Aratus was asked by the Macedonian king Antigonus Gonatas (320 – 239 BC) to compile a handbook on stars and constellations. The resulting work, entitled Phaenomena (Appearances on the Sky) is in hexametric verse and presents an overview of the entire astronomical knowledge of Aratus’s time in polished poetic language. It was highly esteemed, and survives in many copies, often with commentaries. An early example is a fragment of a 4th-century papyrus codex that contained the poem with notes on the right-hand margin.
The popularity of this work is also demonstrated by the fact that the Phaenomena is the only pagan poetic text that is explicitly referred to in the New Testament. In the Acts of the Apostles, when Paul speaks to the Athenians on the Areopagus, his speech begins with a quotation from ‘one of the poets’ of the Greeks. The unnamed poet was in fact Aratus. Paul cites from line 5 of his Phaenomena claiming that ‘we are all offspring’ of a supreme God (Acts 17: 28).

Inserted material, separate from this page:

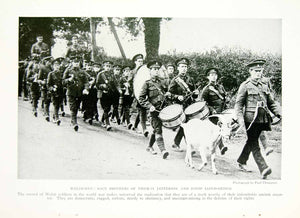 1918 Print World War I Welsh Soldiers Wales Drum Bugles Band Historic WWI YNG3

It was perhaps this wide-reaching popularity of Aratus’s poem that attracted Cicero to translate it into Latin at the very beginning of his career. His translation became known as the Aratea, after the original Greek poet. Unfortunately, Cicero’s translation does not survive in its entirety; the prologue and several other portions of the work are now lost and less than half of the original text has eventually come down to us. However, what the manuscripts did preserve is the illustrative tradition of the text, which may date from Late Antiquity.
One of the earliest and fullest copies of Cicero’s Latin translation of Aratus’s poem is a manuscript made in the early 9th century (Harley MS 647). The manuscript preserves a carefully edited text: Cicero’s Latin verses are arranged in blocks copied on the lower half of the page in Caroline minuscule. Above, there are lavish coloured illustrations, which contain explanatory notes written in old-fashioned Roman rustic capitals inside the images. The work, therefore, is both useful and beautiful, as is apparent in the section on the constellation Cygnus the swan.
This early layout comprising text, illustration and commentary proved very successful. It had a long afterlife surviving in a number of later manuscripts, such as a deluxe copy produced at a Benedictine abbey in Peterborough around 1122. This adaptation of Cicero’s Aratea shows a similar layout to the manuscript 300 years earlier but the illustrations are now drawn in pen, without colours except for red dots marking the stars of the constellation.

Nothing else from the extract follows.